You can always go back there by selecting <–Timeline <-Menu. You can access the timeline directly from here as well as a calendar and photos and even any tags that you might want to add.
[Note: Tags are a great thing to think about adding up front or as you enter a picture. If you ever would like to see all your “Beach” photos or entries, you could simply go to this area and select the “Beach” tag and all your beach entries would show up in date order. Yes, this is a very good thing as Martha Stewart would say! You don’t even have to go hunting for a picture in your archive of when you went to a particular beach, you can simply select the tag. So, of course, you have to tag your photos when you are making your entries or go back and tag them later for this feature to work. That is why it is a good thing to think about it before you begin your journaling experience. You might even write up a basic list of tag names that you might think you would like to search on at a later point depending on your own needs! Names, places, activities, etc. Just look for the tag icon when you are entering your journal entry. It will prompt you at the top of the screen to enter a tag.]
As a scrapbooker for over twenty-some years, I have a passion not only for the pictures but the stories behind the photos. And, try as I may, there are times when I don’t get all the pictures into albums… Ok, maybe even years… but if I find a group of pictures within my photo archive (which is massive,) I could then go back to my journal and find that day. Guess what? All the details are now written down! (Or I can use my tags as well as long as I keep using them.)

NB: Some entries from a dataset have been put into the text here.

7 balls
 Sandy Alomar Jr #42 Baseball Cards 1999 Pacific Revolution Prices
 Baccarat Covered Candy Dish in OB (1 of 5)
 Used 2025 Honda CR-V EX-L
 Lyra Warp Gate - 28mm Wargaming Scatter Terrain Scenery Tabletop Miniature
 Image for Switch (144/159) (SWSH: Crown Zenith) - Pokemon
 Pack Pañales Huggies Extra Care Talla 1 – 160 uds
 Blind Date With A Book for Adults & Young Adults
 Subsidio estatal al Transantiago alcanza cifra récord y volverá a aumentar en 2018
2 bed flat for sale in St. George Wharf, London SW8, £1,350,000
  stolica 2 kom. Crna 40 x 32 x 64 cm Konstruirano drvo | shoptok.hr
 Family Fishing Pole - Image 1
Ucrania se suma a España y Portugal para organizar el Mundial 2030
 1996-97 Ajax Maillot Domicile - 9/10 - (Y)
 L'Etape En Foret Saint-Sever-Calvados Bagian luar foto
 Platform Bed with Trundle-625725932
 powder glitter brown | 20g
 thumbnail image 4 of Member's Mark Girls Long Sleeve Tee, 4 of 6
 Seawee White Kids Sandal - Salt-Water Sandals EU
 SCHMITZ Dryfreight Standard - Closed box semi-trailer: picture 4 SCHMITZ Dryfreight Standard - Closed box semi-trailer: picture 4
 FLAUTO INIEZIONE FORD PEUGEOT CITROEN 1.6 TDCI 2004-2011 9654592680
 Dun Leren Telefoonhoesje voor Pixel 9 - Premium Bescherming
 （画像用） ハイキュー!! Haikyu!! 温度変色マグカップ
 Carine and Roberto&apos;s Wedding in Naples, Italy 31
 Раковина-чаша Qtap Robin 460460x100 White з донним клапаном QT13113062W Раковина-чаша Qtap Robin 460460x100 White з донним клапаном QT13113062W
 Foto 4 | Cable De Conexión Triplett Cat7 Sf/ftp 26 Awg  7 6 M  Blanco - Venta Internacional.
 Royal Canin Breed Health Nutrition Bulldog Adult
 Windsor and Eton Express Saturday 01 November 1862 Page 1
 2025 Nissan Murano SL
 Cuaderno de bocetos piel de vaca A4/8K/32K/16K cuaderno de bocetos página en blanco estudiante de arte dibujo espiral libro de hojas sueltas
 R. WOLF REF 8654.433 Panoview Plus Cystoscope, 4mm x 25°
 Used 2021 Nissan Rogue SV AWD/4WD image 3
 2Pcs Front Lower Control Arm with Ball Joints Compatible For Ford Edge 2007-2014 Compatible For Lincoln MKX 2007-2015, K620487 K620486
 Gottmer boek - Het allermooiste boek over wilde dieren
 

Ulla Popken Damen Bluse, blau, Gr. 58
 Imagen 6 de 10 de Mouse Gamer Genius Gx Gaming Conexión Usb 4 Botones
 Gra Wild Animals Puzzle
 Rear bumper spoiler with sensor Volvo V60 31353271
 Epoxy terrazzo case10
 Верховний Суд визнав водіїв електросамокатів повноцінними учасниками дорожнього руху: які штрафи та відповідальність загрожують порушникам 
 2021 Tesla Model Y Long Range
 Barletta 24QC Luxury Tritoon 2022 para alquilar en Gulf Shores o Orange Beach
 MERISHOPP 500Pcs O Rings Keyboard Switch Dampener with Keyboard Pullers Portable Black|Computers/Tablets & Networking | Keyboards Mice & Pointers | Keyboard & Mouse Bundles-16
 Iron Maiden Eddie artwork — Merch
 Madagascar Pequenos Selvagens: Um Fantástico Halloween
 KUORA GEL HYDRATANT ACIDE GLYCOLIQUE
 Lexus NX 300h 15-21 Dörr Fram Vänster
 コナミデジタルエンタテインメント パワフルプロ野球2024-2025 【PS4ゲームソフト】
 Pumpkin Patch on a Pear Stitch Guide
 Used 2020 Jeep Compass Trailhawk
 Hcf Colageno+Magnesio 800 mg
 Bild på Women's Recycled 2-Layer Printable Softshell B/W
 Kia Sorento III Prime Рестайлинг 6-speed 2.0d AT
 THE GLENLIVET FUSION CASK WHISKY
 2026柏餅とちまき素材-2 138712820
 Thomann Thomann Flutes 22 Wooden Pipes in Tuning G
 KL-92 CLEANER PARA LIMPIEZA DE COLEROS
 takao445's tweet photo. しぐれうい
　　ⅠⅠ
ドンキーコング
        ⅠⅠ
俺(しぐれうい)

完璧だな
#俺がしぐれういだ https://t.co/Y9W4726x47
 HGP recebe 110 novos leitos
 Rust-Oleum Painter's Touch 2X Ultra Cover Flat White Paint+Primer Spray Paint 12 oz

And if you don’t scrapbook, how does this apply? Ok, well, your children or grandchildren or great-grandchildren would be ecstatic to be able to poke around your journal and get an idea of all the things that you did on a daily basis. As a family history researcher, I would LOVE to be able to read my ancestors’ thoughts as they went about their daily lives. I can find the documents and possibly photos, but it takes a lot to be able to put yourself into their shoes and imagine what all they endured.
It’s those stories that give me strength and a foundation to live my own life. A bit melodramatic, yes, but I think that I am pretty spot-on when it comes to that desire to understand my ancestors better. I want my children to have a sense of what I was thinking as I went through part of my life. I’m fifty-three, ok, fifty-four, and I WISH that I had kept better journals during the time that I was raising my children. Now, as we are down to the last one at home, I can only hope that they will enjoy this small look into my life!
I’ve talked about it before… my mother passed away in 2000… and I still find myself looking for little tidbits of her writing or old letters that remind me about a particular time. If I don’t get anything else done in my own life, I am determined to leave a part of myself to my own children!